Is There Such A Thing As "Bad Publicity"?

Maybe there is...when it involves your old school.

I've recently written about my college alma mater getting national publicity for being a "party school", even when it has had bigger accomplishments.

But my old high school is also is in the national media...and its publicity isn't very good, either.

The Associated Press this week ran a story about the suicide deaths in recent years of four students at Mentor High School (perhaps influenced by local media coverage)...all of them the apparent victims of bullying.  If you were up early Saturday, you might have seen the subject explored in a segment on the "Today" show.

There's no doubt the AP story was disturbing. In the most prominent of the cases, the victim's mother said students continued to taunt her after her death, even at her funeral.  And, of course, the first question asked about all this is: "why?".

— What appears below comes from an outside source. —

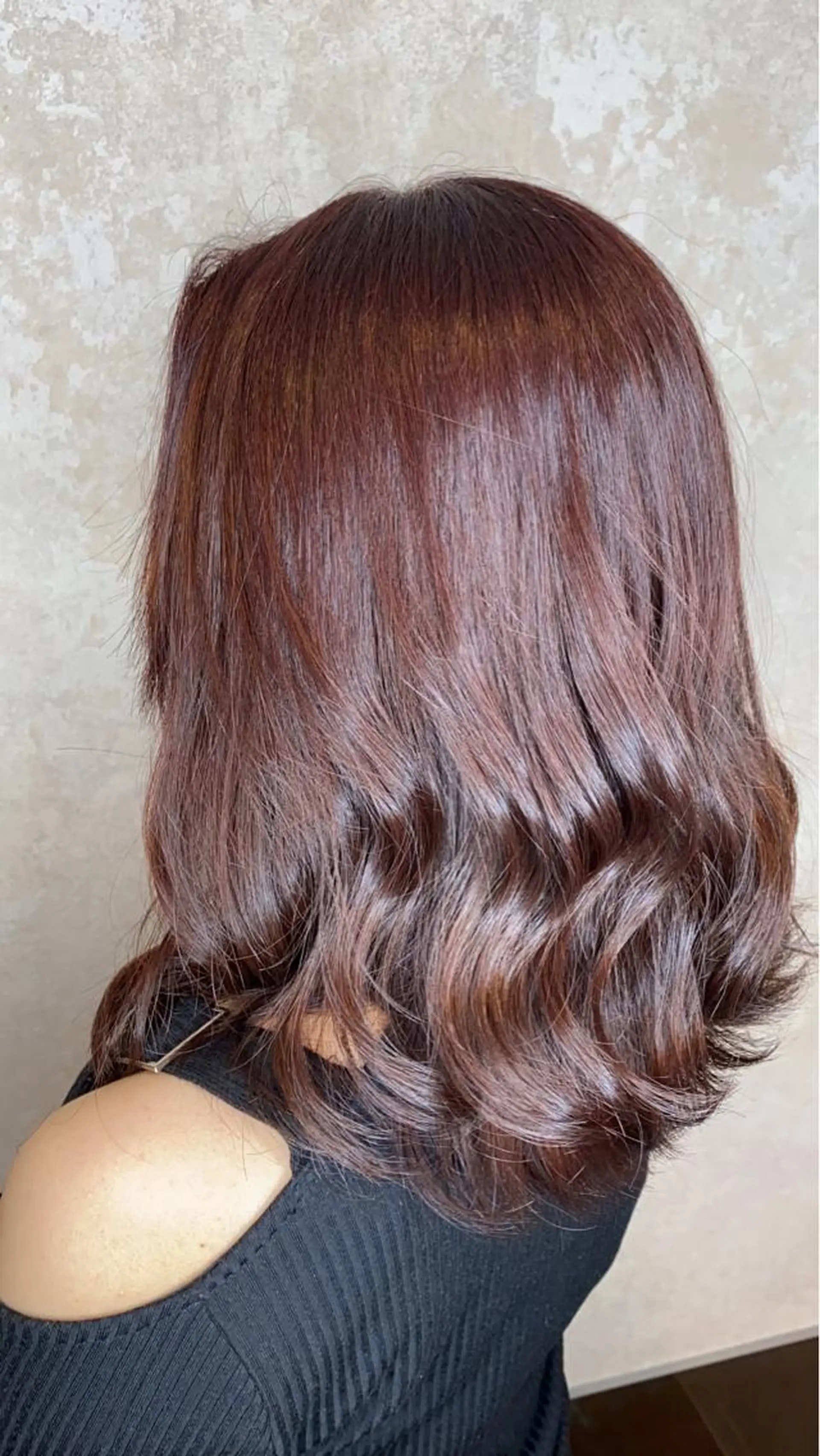 セミロング カラー アッシュ ベージュカラー 黒髪 ブリーチ ケアブリーチ CIEL天六店 三上春のヘアスタイル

Bullying has been a big issue in recent years.  WTAP has done stories about it in Wood County Schools.  And it's become a bigger story recently, with the suicide death of a Rutgers student after he was photographed having what appeared to be a sexual encounter in his dorm room with another male.  (I'm not sure homosexuality..or bullying..should be the underlying issue there, however, as it has been portrayed in the media...there hasn't been enough said about the issue of invasion of privacy.)

But what apparently attracted the AP to this story is that it took place not in a city the size of New York or Los Angeles, but that it happened in what the article said was "a pleasant beachfront community".

Mentor is, arguably, a suburb of Cleveland (although it's not in the same county Cleveland is in), but it isn't a small town, either. It has more than 50,000 residents, making it roughly the size of (actually a bit larger than) the largest cities in West Virginia. And much of it is several miles from Lake Erie.

I'm quite sensitive to the issue of bullying.  Although, as an adult, I've rarely talked about it, I endured a lot of it myself in elementary, high school, and even in college (and not all of it was in Mentor, where I didn't live until I entered high school).  I think there are a lot of reasons it has reached the level it has; things such as social networking and the internet which didn't exist 20 years ago, let alone when I was in high school.

But one other thing about the article stuck out.  It notes that students at Mentor High blame a "culture of conformity". "If you're not an athlete or cheerleader, you're not cool," it says. "And if you're not cool, you're a prime target for the bullies."  I don't think that's any different from when I was in school, or when my parents were in school.

One of the last quotes in the article comes from a senior student, who seemed to be upset at the attention the school was getting over this issue.

"Not everybody's a good person," says Matt Super. "And in a group of 3,000 people (the school's enrollment), there are going to be bad people."